§ **HOW TO COMPLETE THIS TASK**
Start with the line containing "Ambesonne Egyptian Fitted" and write out each line through the end of the listing, exactly as given.

§ **MATERIAL SUPPLIED**
---

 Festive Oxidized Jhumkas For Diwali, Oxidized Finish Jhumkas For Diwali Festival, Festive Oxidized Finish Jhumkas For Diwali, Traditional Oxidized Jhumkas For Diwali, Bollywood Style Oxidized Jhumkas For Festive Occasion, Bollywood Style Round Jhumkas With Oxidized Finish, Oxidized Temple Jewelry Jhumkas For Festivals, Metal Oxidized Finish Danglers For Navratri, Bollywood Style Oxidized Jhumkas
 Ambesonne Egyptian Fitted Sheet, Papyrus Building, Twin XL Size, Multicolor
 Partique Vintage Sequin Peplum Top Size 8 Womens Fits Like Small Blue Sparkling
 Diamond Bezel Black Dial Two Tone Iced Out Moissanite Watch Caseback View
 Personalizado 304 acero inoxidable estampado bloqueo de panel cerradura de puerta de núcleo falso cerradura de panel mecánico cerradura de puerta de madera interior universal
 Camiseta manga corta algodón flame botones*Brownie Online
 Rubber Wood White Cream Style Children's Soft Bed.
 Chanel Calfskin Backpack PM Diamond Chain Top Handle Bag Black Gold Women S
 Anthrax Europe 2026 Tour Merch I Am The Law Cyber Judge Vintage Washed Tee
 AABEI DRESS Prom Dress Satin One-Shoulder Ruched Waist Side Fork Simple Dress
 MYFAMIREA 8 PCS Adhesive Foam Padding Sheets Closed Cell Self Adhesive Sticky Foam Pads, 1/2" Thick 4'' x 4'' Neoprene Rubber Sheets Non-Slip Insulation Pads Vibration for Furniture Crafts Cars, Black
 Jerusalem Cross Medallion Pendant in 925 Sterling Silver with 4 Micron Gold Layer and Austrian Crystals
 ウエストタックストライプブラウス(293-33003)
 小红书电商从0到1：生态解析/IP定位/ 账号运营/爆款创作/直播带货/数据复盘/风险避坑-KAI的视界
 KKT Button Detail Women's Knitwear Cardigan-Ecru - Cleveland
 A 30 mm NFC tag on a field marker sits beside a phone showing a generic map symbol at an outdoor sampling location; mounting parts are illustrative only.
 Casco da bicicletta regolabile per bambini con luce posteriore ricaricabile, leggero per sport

---

§ **EXERCISE ANSWER**
 Ambesonne Egyptian Fitted Sheet, Papyrus Building, Twin XL Size, Multicolor
 Partique Vintage Sequin Peplum Top Size 8 Womens Fits Like Small Blue Sparkling
 Diamond Bezel Black Dial Two Tone Iced Out Moissanite Watch Caseback View
 Personalizado 304 acero inoxidable estampado bloqueo de panel cerradura de puerta de núcleo falso cerradura de panel mecánico cerradura de puerta de madera interior universal
 Camiseta manga corta algodón flame botones*Brownie Online
 Rubber Wood White Cream Style Children's Soft Bed.
 Chanel Calfskin Backpack PM Diamond Chain Top Handle Bag Black Gold Women S
 Anthrax Europe 2026 Tour Merch I Am The Law Cyber Judge Vintage Washed Tee
 AABEI DRESS Prom Dress Satin One-Shoulder Ruched Waist Side Fork Simple Dress
 MYFAMIREA 8 PCS Adhesive Foam Padding Sheets Closed Cell Self Adhesive Sticky Foam Pads, 1/2" Thick 4'' x 4'' Neoprene Rubber Sheets Non-Slip Insulation Pads Vibration for Furniture Crafts Cars, Black
 Jerusalem Cross Medallion Pendant in 925 Sterling Silver with 4 Micron Gold Layer and Austrian Crystals
 ウエストタックストライプブラウス(293-33003)
 小红书电商从0到1：生态解析/IP定位/ 账号运营/爆款创作/直播带货/数据复盘/风险避坑-KAI的视界
 KKT Button Detail Women's Knitwear Cardigan-Ecru - Cleveland
 A 30 mm NFC tag on a field marker sits beside a phone showing a generic map symbol at an outdoor sampling location; mounting parts are illustrative only.
 Casco da bicicletta regolabile per bambini con luce posteriore ricaricabile, leggero per sport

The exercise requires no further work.